WHAT THE TASK REQUIRES = A faithful copy of the data is the goal; set it down exactly, without the images.

Records from a collection:
◆ ◆ ◆ ◆ ◆ ◆ ◆

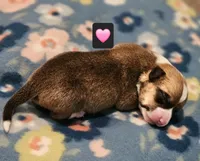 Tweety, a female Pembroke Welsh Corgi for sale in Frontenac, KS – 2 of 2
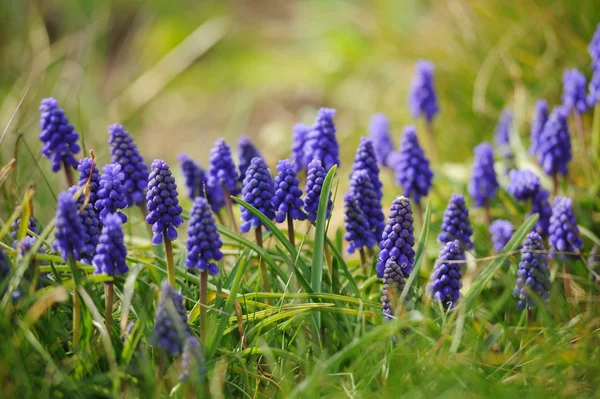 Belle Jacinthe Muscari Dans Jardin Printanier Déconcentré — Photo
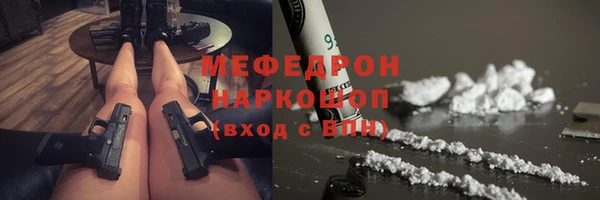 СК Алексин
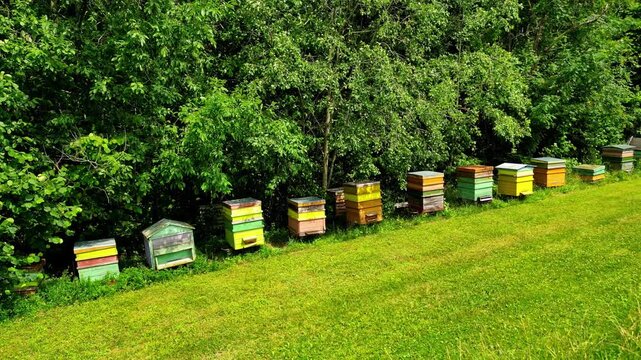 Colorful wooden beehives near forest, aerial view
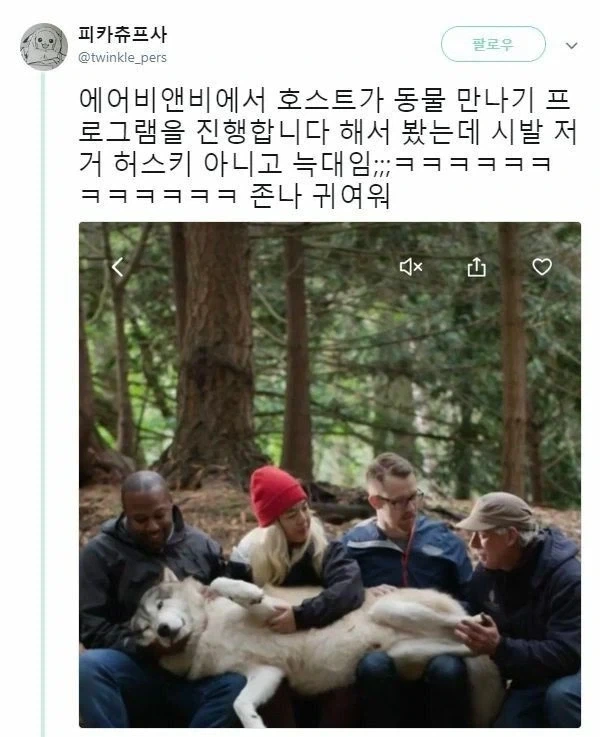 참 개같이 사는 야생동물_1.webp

◆ ◆ ◆ ◆ ◆ ◆ ◆

WRITTEN REPLY =
 Tweety, a female Pembroke Welsh Corgi for sale in Frontenac, KS – 2 of 2
 Belle Jacinthe Muscari Dans Jardin Printanier Déconcentré — Photo
 СК Алексин
 Colorful wooden beehives near forest, aerial view
 참 개같이 사는 야생동물_1.webp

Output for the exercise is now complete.